Material supplied:
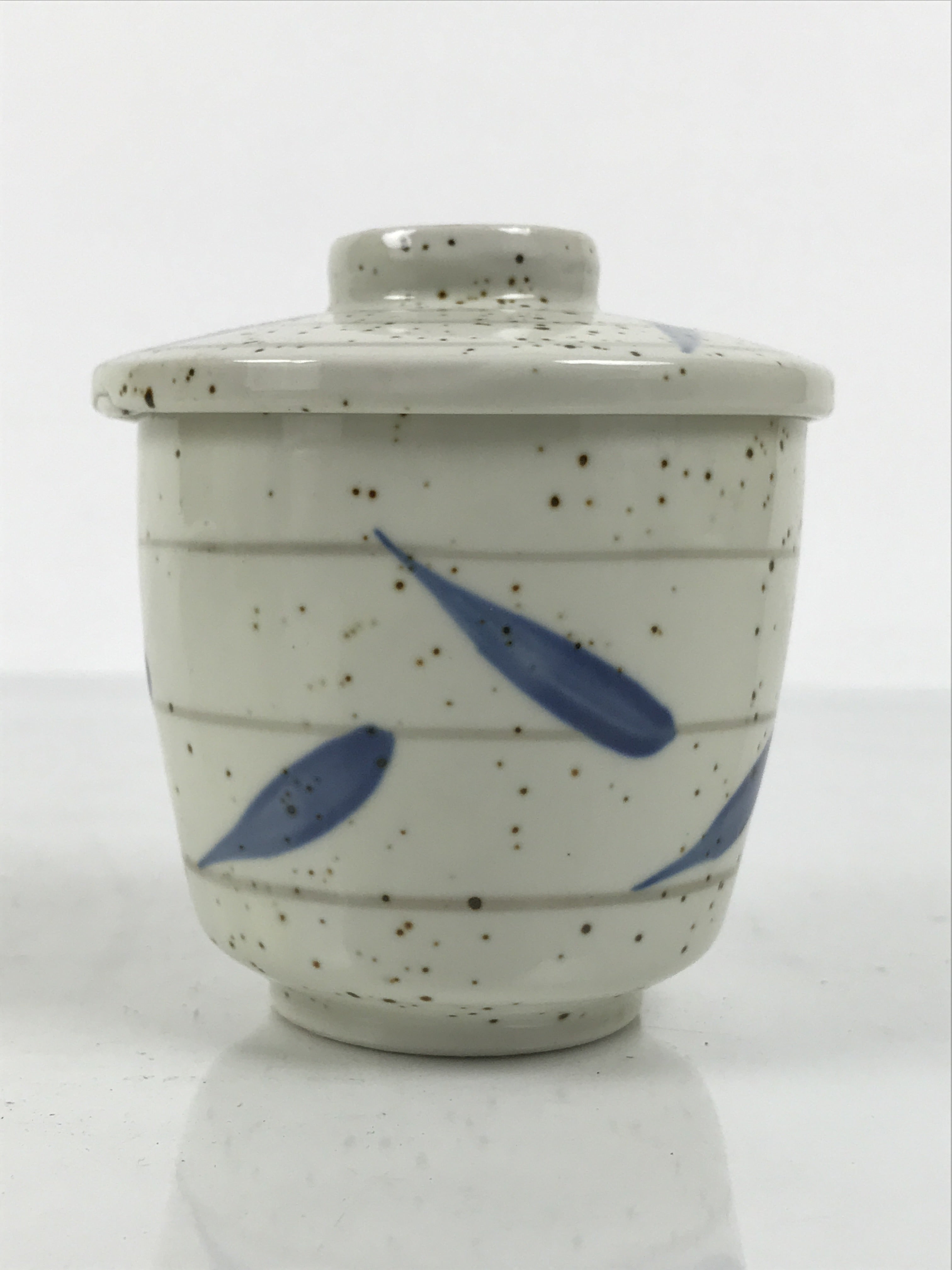 Japanese Ceramic Lidded Bowl Mushiwan Cup Pottery White Blue Bamboo Leaves Y545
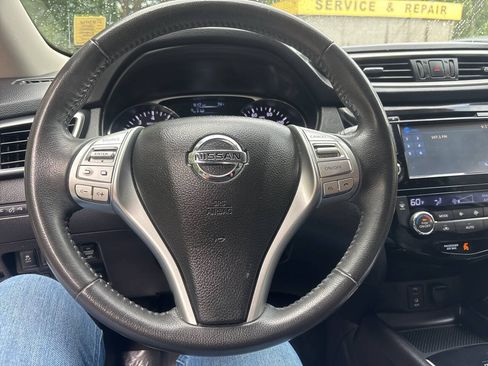 Used 2014 Nissan Rogue SL w/ SL Premium Package AWD/4WD image 11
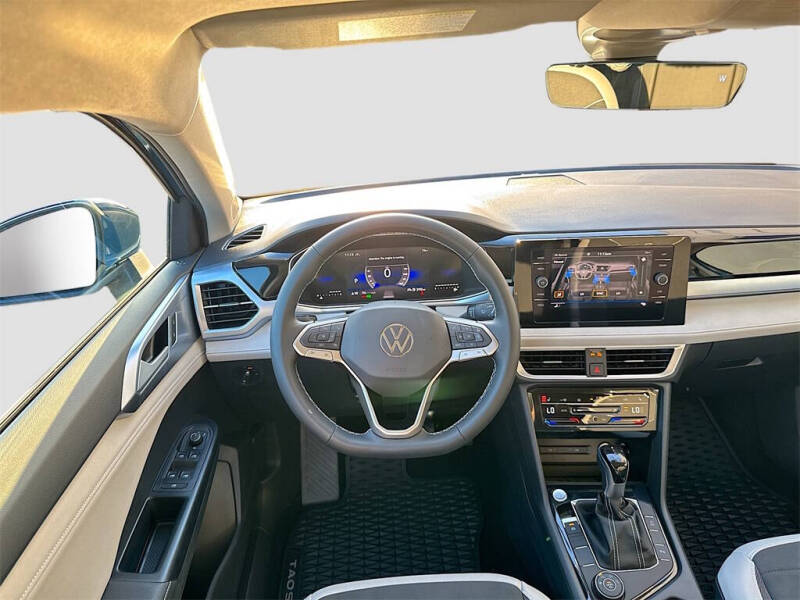 2025 Volkswagen Taos SE 4Motion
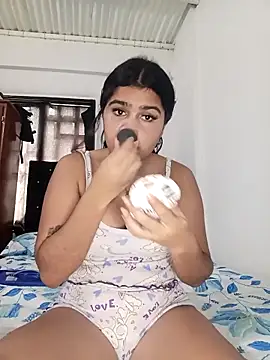 Sashalana online show from October 20, 5:35 pm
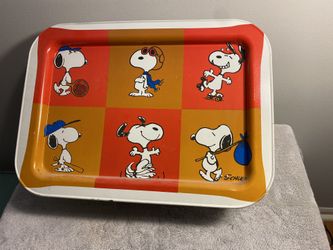 Snoopy / Charles Schultz -collectible Metal Tray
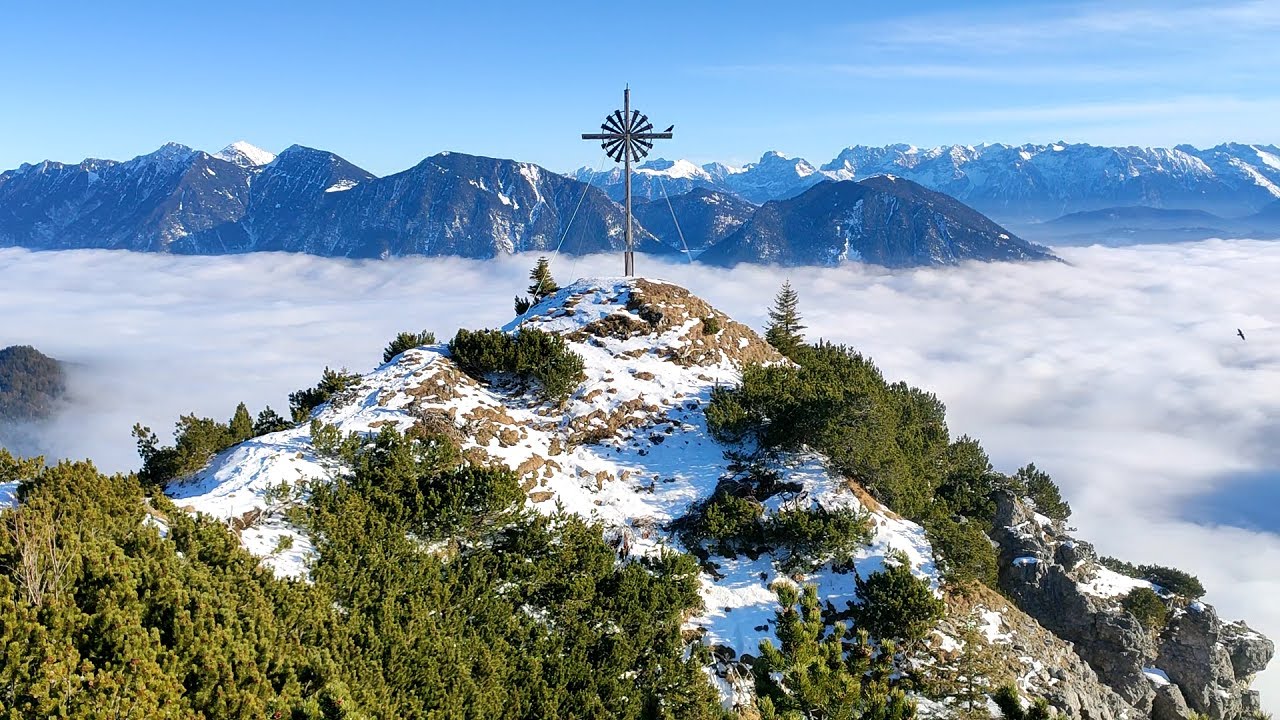 Notkarspitze &rarr; Br&uuml;nstelskopf &rarr; Gro&szlig;er Zunderkopf &rarr; Vorderer Felderkopf &rarr; Kienjoch &rarr; Kieneckspitz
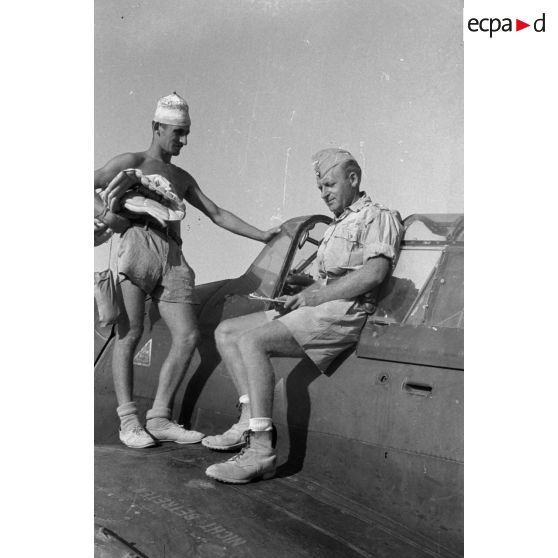 A bord d'un Junkers Ju-87 "Stuka" du Sturzkampfgeschwader StG-2 pour une mission de bombardement sur Tobrouk.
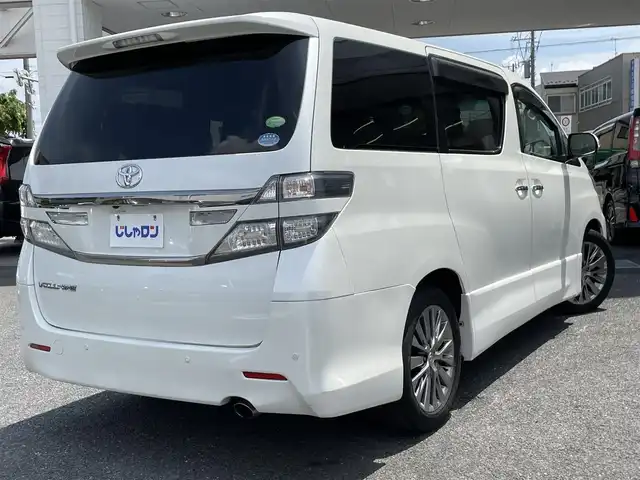 トヨタ ヴェルファイア 2．4Z ゴールデンアイズ 埼玉県 2012(平24)年 11.5万km ホワイトパールクリスタルシャイン (株)IDOMが運営する【じしゃロン鳩ヶ谷店】の自社ローン専用車両になりますこちらは現金またはオートローンご利用時の価格です。自社ローンご希望の方は別途その旨お申付け下さい/純正SDナビ【CD/DVD/Bluetooth/HDD/SD/USB/App】/フルセグTV/バックカメラ/両側パワースライドドア/ETC/クルーズコントロール/前後コーナーセンサー/ハーフレザーシート/オットマン/純正18インチアルミホイール/HIDヘッドライト/オートライト/取説、保証書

Directions: Because only the text is wanted, repeat all the entries exactly and leave out the pictures.

Output of the exercise:
 Japanese Ceramic Lidded Bowl Mushiwan Cup Pottery White Blue Bamboo Leaves Y545
 Used 2014 Nissan Rogue SL w/ SL Premium Package AWD/4WD image 11
 2025 Volkswagen Taos SE 4Motion
 Sashalana online show from October 20, 5:35 pm
 Snoopy / Charles Schultz -collectible Metal Tray
 Notkarspitze &rarr; Br&uuml;nstelskopf &rarr; Gro&szlig;er Zunderkopf &rarr; Vorderer Felderkopf &rarr; Kienjoch &rarr; Kieneckspitz
 A bord d'un Junkers Ju-87 "Stuka" du Sturzkampfgeschwader StG-2 pour une mission de bombardement sur Tobrouk.
 トヨタ ヴェルファイア 2．4Z ゴールデンアイズ 埼玉県 2012(平24)年 11.5万km ホワイトパールクリスタルシャイン (株)IDOMが運営する【じしゃロン鳩ヶ谷店】の自社ローン専用車両になりますこちらは現金またはオートローンご利用時の価格です。自社ローンご希望の方は別途その旨お申付け下さい/純正SDナビ【CD/DVD/Bluetooth/HDD/SD/USB/App】/フルセグTV/バックカメラ/両側パワースライドドア/ETC/クルーズコントロール/前後コーナーセンサー/ハーフレザーシート/オットマン/純正18インチアルミホイール/HIDヘッドライト/オートライト/取説、保証書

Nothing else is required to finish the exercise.